Jay Leno's Restored 1929 car 

 Meet The Millers - C/- W.A.G.

Consider the strange story of Alex and Imogene Miller of East Orange, Vermont.  They eked out an existence on a small farm. Alex would scrounge rusty nails from burnt buildings to repair his roof.  He drove a ratty VW Beetle, and when it died, he found another even more ratty, and another...the rusting carcasses littered his yard.  Alex died in 1993, and Imogene died in 1996.  The local church took up a collection so they could be buried in the churchyard, and the state began the process of taking the farm for taxes.  That would have been the end of a sad story, except...

While preparing the estate for auction, the sheriff discovered a cache of bearer bonds taped to the back of a mirror.  That triggered a comprehensive search of the house and outbuildings.  The estate auction would eventually be handled by Christie's, and it would bring out collectors from all over the world.

It seems that Alex Miller was a Rutgers grad, son of a wealthy financier.  He lived in Montclair, New Jersey, where he founded Miller's Flying Service in 1930.  He operated a gyrocopter for mail and delivery service through the 30's.  But the Millers had a secret, and they moved from Montclair when they needed room for it.

Choosing to live low profile, and paranoid about tax collectors, Miller moved to the farm in Vermont, and took his collections with him. Most of his cash had been exchanged for gold and silver bars and coins, which he buried in various locations around the farm.  He carefully disassembled his gyrocopter, and stored it in an old one-room schoolhouse on his property.  He then built a couple of dozen sheds and barns out of scrap lumber and recycled nails.  In the sheds he put his collection.

Alex Miller had an obsession with cars.  Not just any cars, but Stutz cars. Blackhawks, Bearcats, Super Bearcats, DV16's and 32's.  He had been buying them since the 1920's. When Stutz went out of business, he bought a huge pile of spare parts, which was also carefully stored away in his sheds.

Sometimes he would stray, and buy other "special cars", including Locomobiles, a Stanley , and a Springfield Rolls Royce.  He never drove them.  He'd simply move them into his storage sheds in the middle of the night, each car wrapped in burlap to protect it from any prying eyes.  Over the years, the farm appeared to grow more and more forlorn, even as the collection was growing.

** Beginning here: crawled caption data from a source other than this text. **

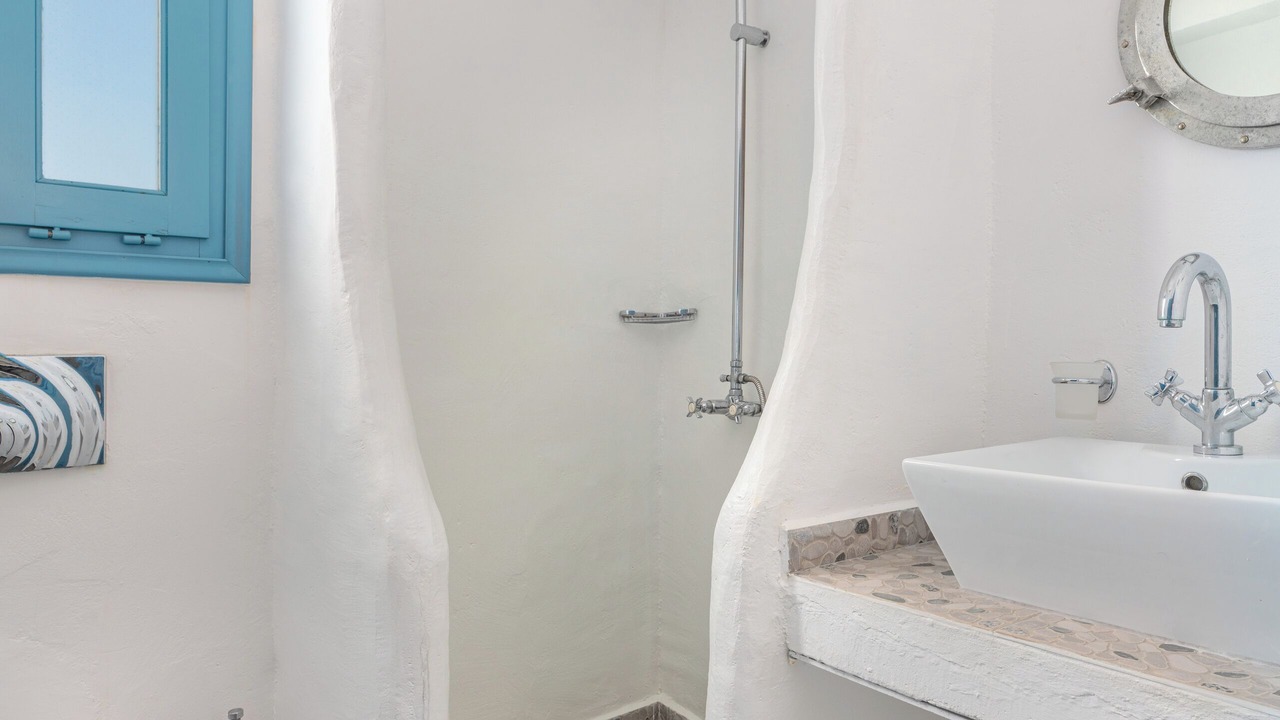 Photo of Bathroom in Astypalaia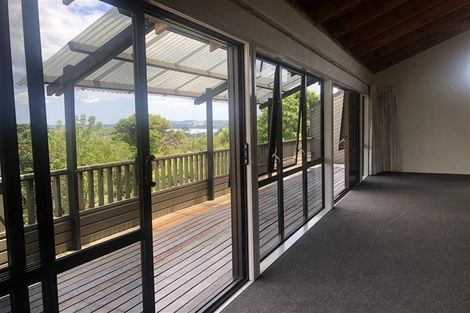 Photo of property in 3 Marae Road, Greenhithe, Auckland, 0632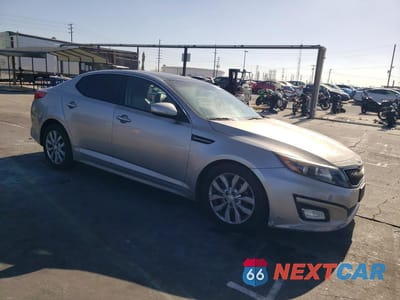 Czwarte zdjęcie samochodu z boku: 2014 KIA OPTIMA EX VIN:5XXGN4A78EG276838 - miniatura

Occasionally he would sell some parts to raise cash.  Rather than dipping into his cache, he would labor for hours making copies of the original parts by hand.

Collectors knew him as a sharp trader, who had good merchandise but was prone to cheating.  His neighbors had no clue at all, they thought Alex and Imogene were paupers, and often helped out with charity.

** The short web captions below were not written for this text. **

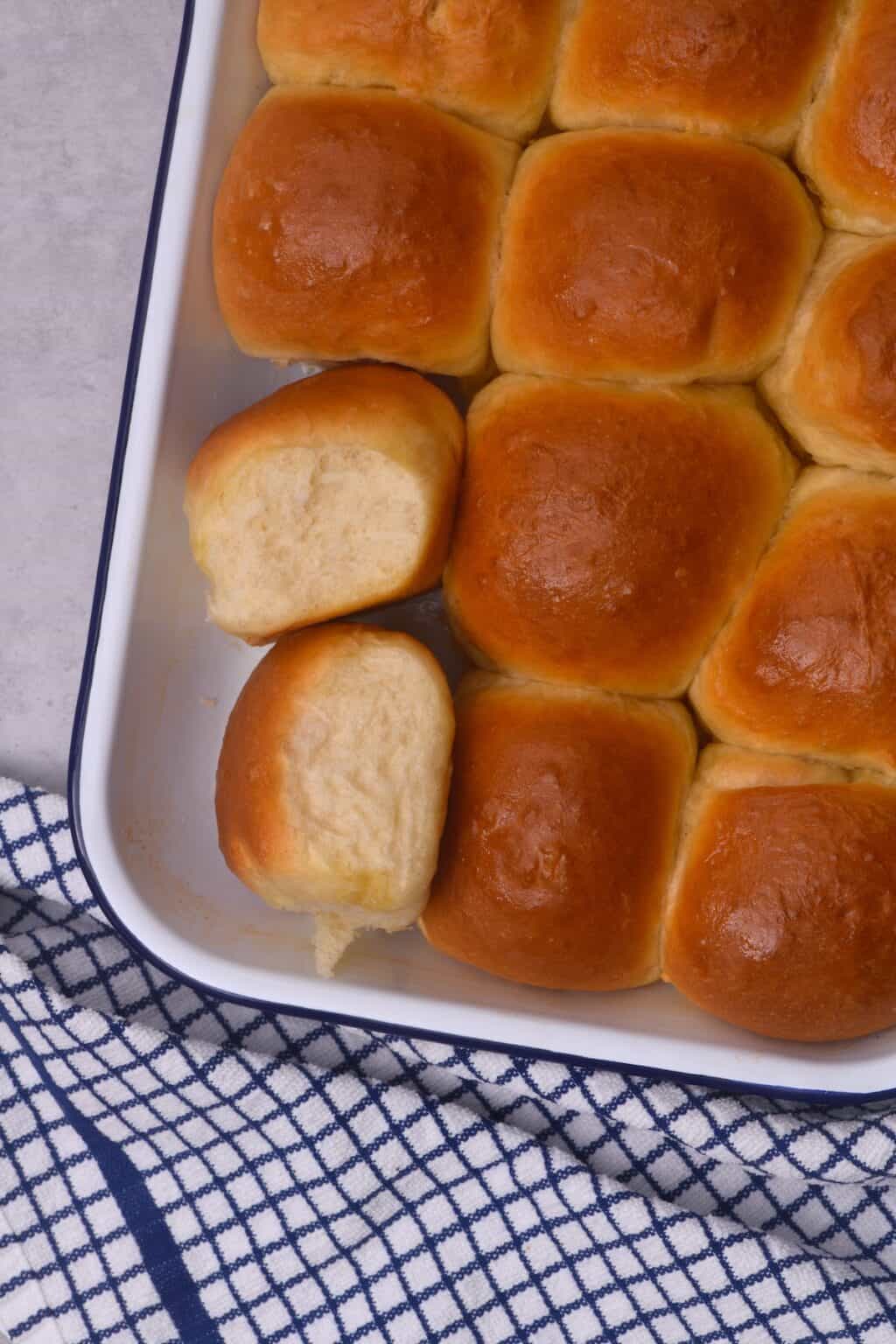 Quick Dinner Rolls Recipe Alphafoodie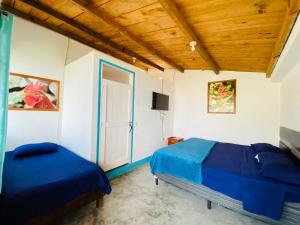 TV a/nebo společenská místnost v ubytování Hotel y Rest. las Cristalinas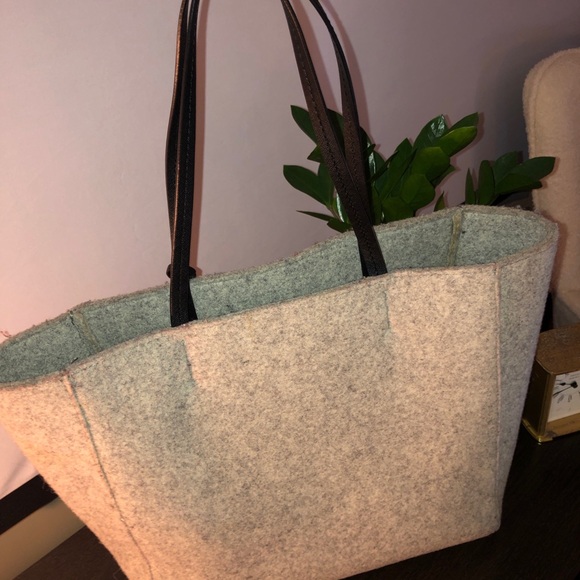 ***FLASH SALE EVERYTHING 1/2 OFF*** Kate Spade Nouveau York Felt Tote - Picture 3 of 7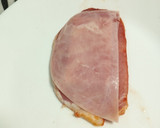 Foto del paso 2 de la receta: Filetes de lomo con jamón de York y queso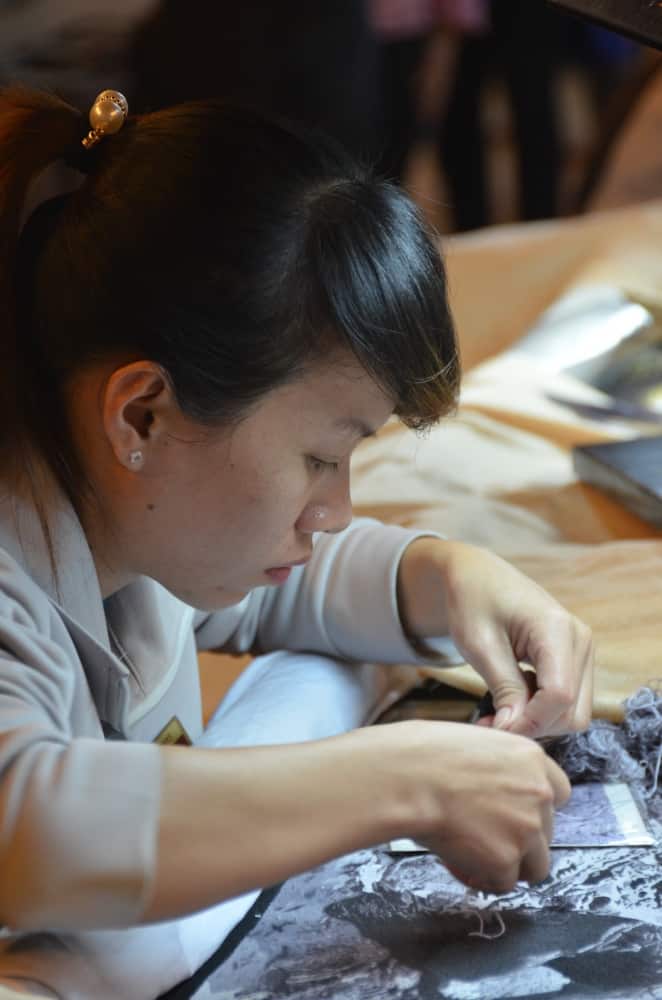 Vietnam, Hoi An – embroidering 2, Jan.2015 (Hoy An)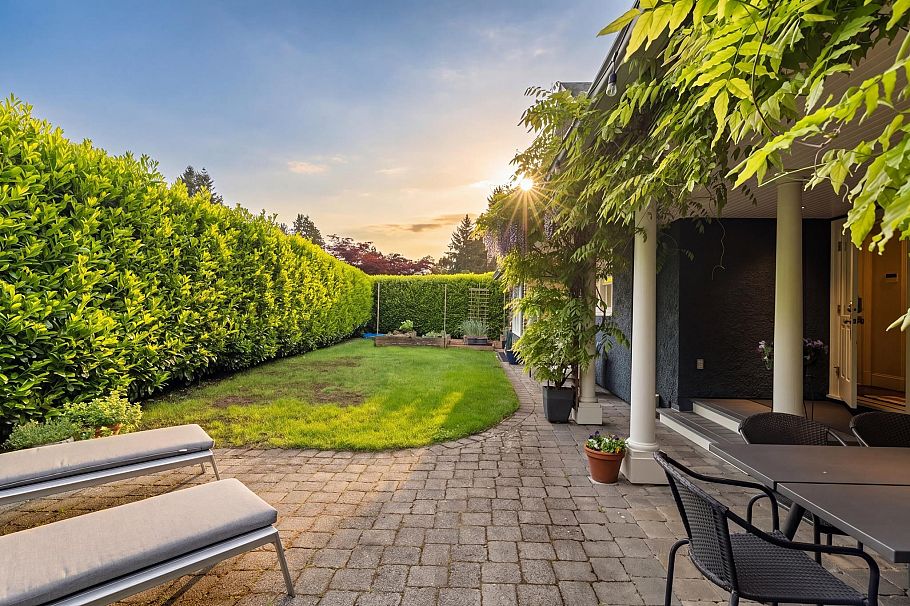 3586 Emerald Drive North Vancouver, BC - 29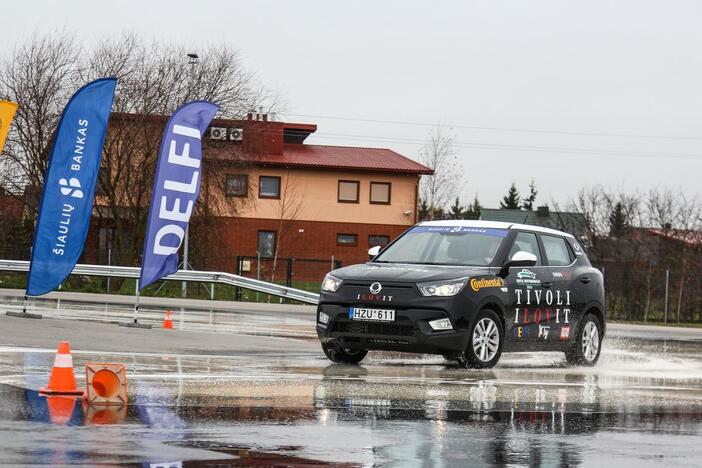 Konkursas "Metų automobilis 2016"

The auction was a three day circus, billed as the "Opening of King Stutz Tomb."  It attracted celebrity collectors, as well as thousands of curiosity seekers.  The proceeds were in the millions, some items went for far more than their value in the frenzy. In the end, the IRS took a hefty chunk of the cash for back taxes, which proves the old adage about the only two sure things in life.

Final tally: $2.18 million at auction, $1 million in gold, $75,000 in silver, $400,000 in stock

1913 Stutz Bearcat went for just $105,000 US.  Must have been the bad tire. 1916 Stutz Bearcat ($155,000 US). A Springfield Rolls Piccadilly Roadster ($115,000 US), made in Illinois. Popular American TV Host Jay Leno purchased the 1918 Bearcat.